Ritmo. Em quase oito anos o inquérito andou devagar. Cristiane Brasil nunca foi ouvida, apesar de ter sido expedida contra ela, em 29 de setembro de 2011, uma intimação para depoimento. A Polícia Civil tentou intimar Cristiane no Palácio Tiradentes, sede da Assembleia Legislativa. Na época ela era secretária de Envelhecimento Saudável do município.
O inquérito tramitava desde 2010 na Delegacia de Combate às Drogas. Na semana passada, depois de o Estado pedir acesso aos autos, a investigação foi remetida pela Polícia Civil ao Ministério Público Estadual.
O MP Estadual imediatamente anunciou que o remeteria ao Ministério Público Federal no Rio. Em 2015, porém, Cristiane, após ser eleita deputa federal em 2014, ganhou direito a foro especial no Supremo Tribunal Federal (STF).
Nomeada ministra
Ela foi nomeada há um mês ministra do Trabalho pelo presidente Michel Temer. O objetivo de Temer era obter apoio do PTB, presidido por Roberto Jefferson, pai da deputada e presidente da legenda, à Reforma da Previdência.
Uma série de decisões judiciais, a mais recente da presidente do Supremo, ministra Cármen Lucia, a impediu provisoriamente a deputada de tomar posse.
“Sem fundamento”
O advogado de Cristiane Brasil, André Miranda, disse que o inquérito que investiga sua cliente tem como base uma denúncia “apócrifa”, sem fundamentos.
“Tudo isso que está sendo falado é de uma denúncia apócrifa e nada disso foi confirmado no inquérito. Nada deu ensejo a um ajuizamento penal. Até uma pessoa que não existe pode ser acusada de alguma coisa”, disse Miranda. Procurada, a parlamentar não quis dar entrevista.
Por meio de nota, a assessoria do deputado Marcus Vinícius disse que ele prestou esclarecimentos sobre uma “denúncia anônima” e alegou “motivações políticas de algum adversário incomodado com a atuação do parlamentar na região”.
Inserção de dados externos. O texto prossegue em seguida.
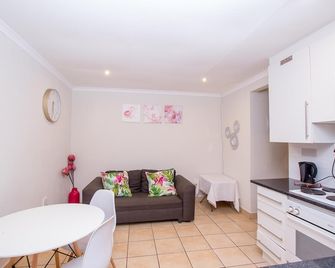 Prestigious Apartments - Fourways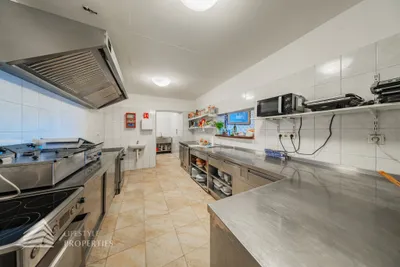 8-Zimmer-Gewerbeimmobilie mieten in Bruck-Mürzzuschlag – 1 390 m², € 5.300 – Bild 14 von 98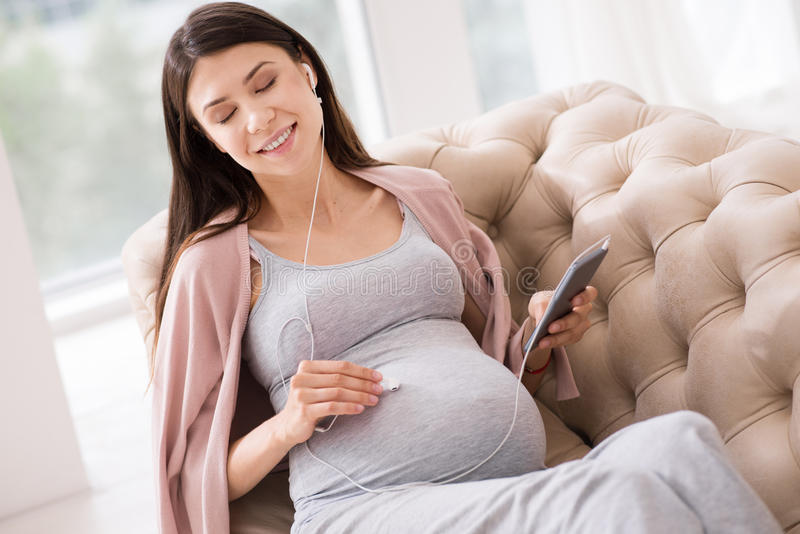 Музыка для беременных: что принесет пользу маме и малышу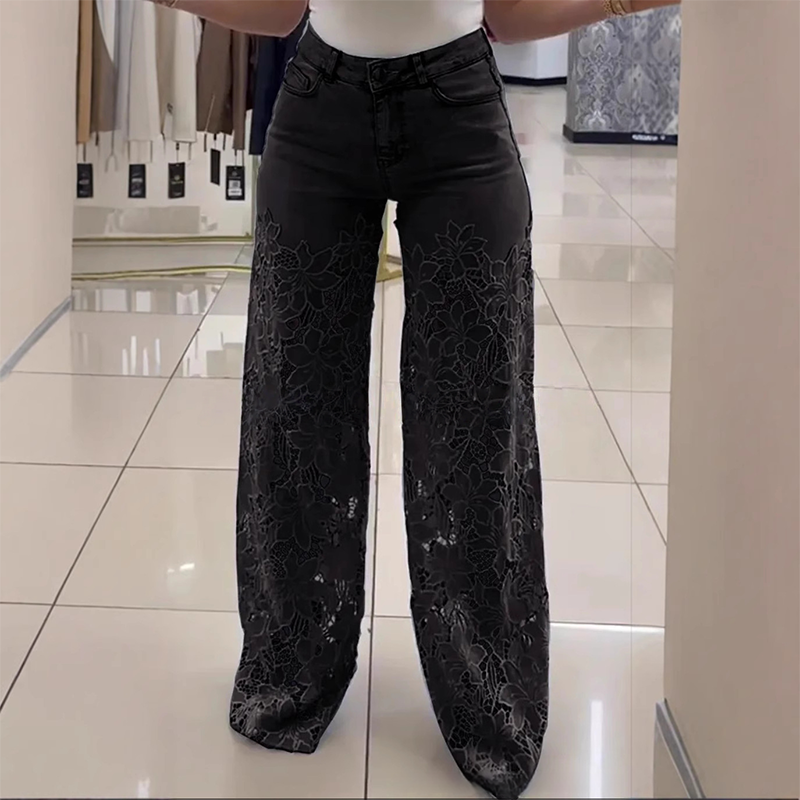 👖Modne dżinsy z koronkowymi naszywkami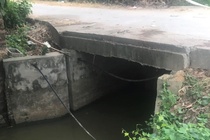 Nam sinh lop 10 tu vong duoi cong nuoc hinh anh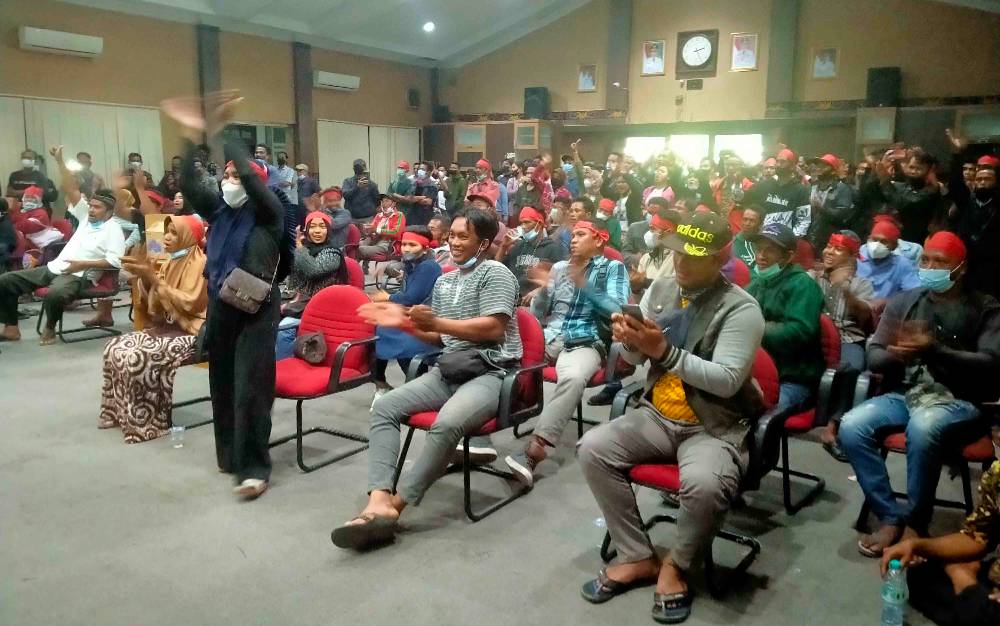 Minta Warga yang Ditahan Kasus Pencurian dan Penadahan Sawit di Lahan HTR agar Dibebaskan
Em seu depoimento à Polícia Civil, Vinicius alegou que nunca teve envolvimento com traficantes ou qualquer pessoa ligada a atividade ilícita. Ele admitiu, porém, que, em 2010, esteve em várias comunidades carentes “com o objetivo de fazer campanha política para a reeleição ao cargo de deputado estadual”. Afirmou que durante as visitas “não viu nem entrou em contato com qualquer pessoa ligada à atividade ilícita do tráfico de drogas”.
Sobre o envio dos autos para o Ministério Público Federal, o Ministério Público Estadual afirmou que “inúmeros inquéritos tramitam entre as delegacias” e o MP-RJ.
Já a assessoria da Polícia Civil afirmou que o delegado Felipe Curi, titular da Delegacia de Combate às Drogas, disse na semana passada que o inquérito policial estava sob sigilo. Por esse motivo, não poderia responder nenhuma pergunta da reportagem.